Task details:
All of the data is to be printed exactly, though the images must be left off.

Data below:

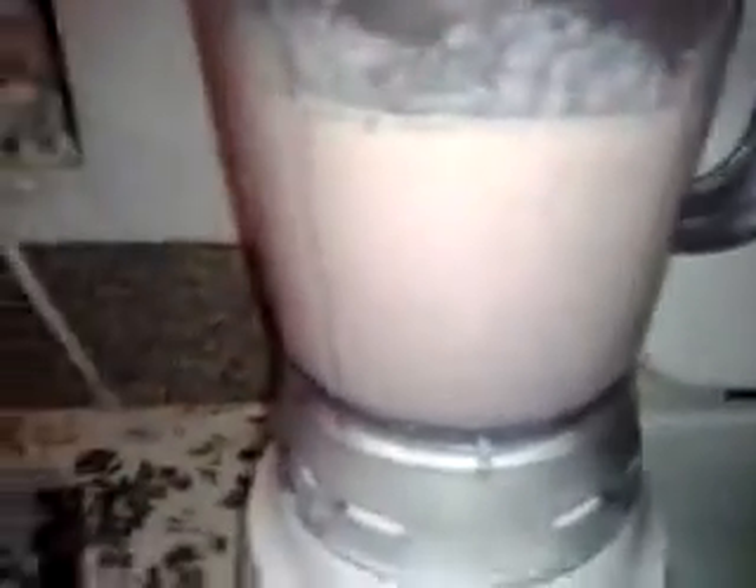Stop and open it up. Sorry guys, my camera turned off so I have to do a part 2. Okay, so this is how it should look — you just keep mixing it up. Back to the cream, and back to our mixture, and we just pour it all right in here.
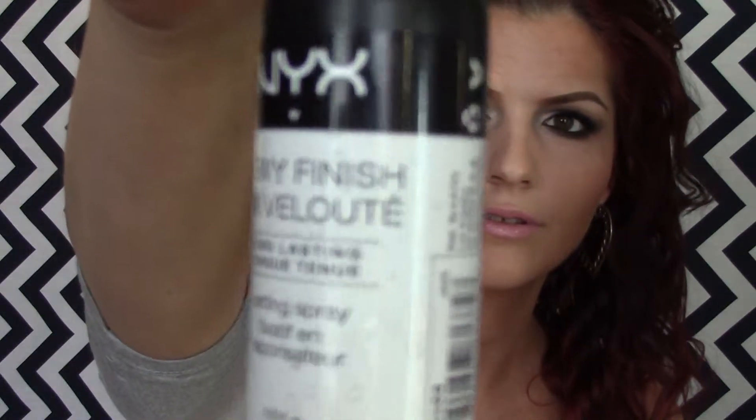Long time favorites. It's a dead-on dupe for MAC Snob - it's sort of this pinky lavender color, it's matte, it's really pretty, and I love it with purple looks. Then I'm taking this Maybelline Lip Gloss in Petal Pusher - this is one from their brand new lip gloss line and I've really been loving this lip gloss. So I'm just topping that lipstick off. Then I'm taking my NYX Dewy Finish Finishing Spray and spraying my face. And that is the completed look.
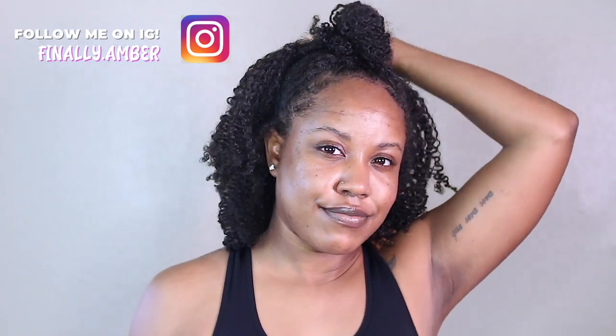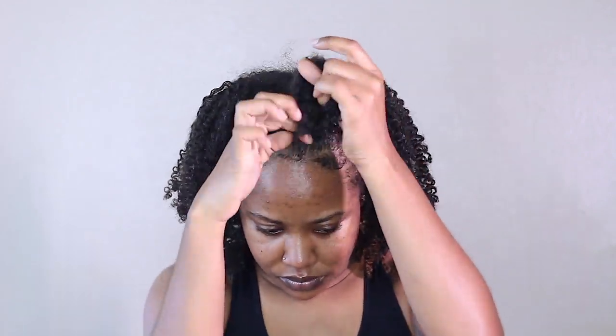As I mentioned in the beginning of this video, this is a five-day-old wash and go, and essentially this is just the same wash day product combination from my curly summer hair routine.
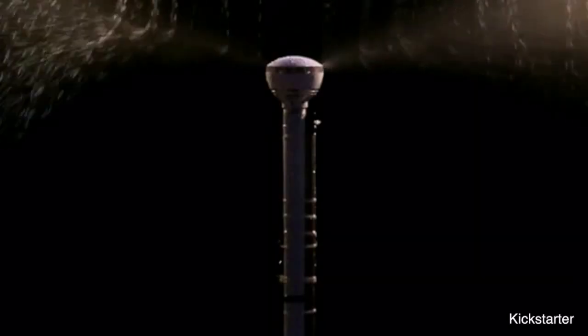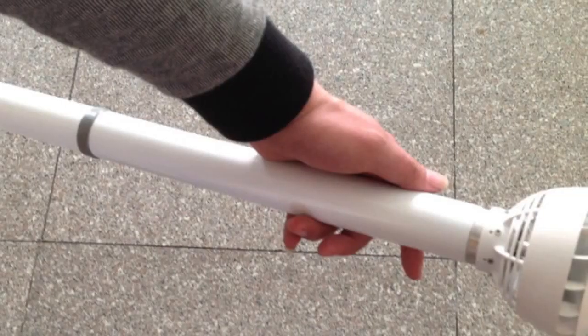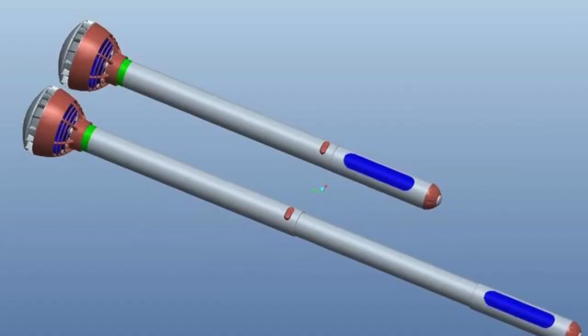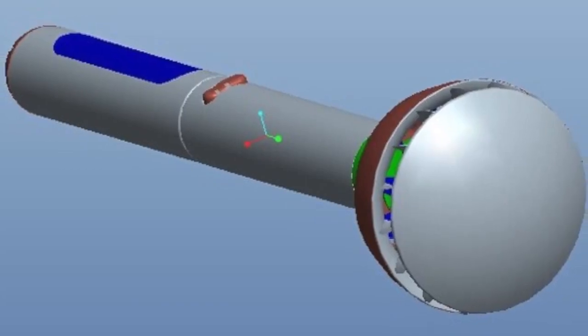The airflow speed can be changed via the power switch. The minds behind the project say that there will be three different options for the air umbrella — version A, B, and C. The differences between them is the length and battery life, which at maximum is 30 minutes.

Expected answer:
Stop and open it up. Sorry guys, my camera turned off so I have to do a part 2. Okay, so this is how it should look — you just keep mixing it up. Back to the cream, and back to our mixture, and we just pour it all right in here.
Long time favorites. It's a dead-on dupe for MAC Snob - it's sort of this pinky lavender color, it's matte, it's really pretty, and I love it with purple looks. Then I'm taking this Maybelline Lip Gloss in Petal Pusher - this is one from their brand new lip gloss line and I've really been loving this lip gloss. So I'm just topping that lipstick off. Then I'm taking my NYX Dewy Finish Finishing Spray and spraying my face. And that is the completed look.
As I mentioned in the beginning of this video, this is a five-day-old wash and go, and essentially this is just the same wash day product combination from my curly summer hair routine.
The airflow speed can be changed via the power switch. The minds behind the project say that there will be three different options for the air umbrella — version A, B, and C. The differences between them is the length and battery life, which at maximum is 30 minutes.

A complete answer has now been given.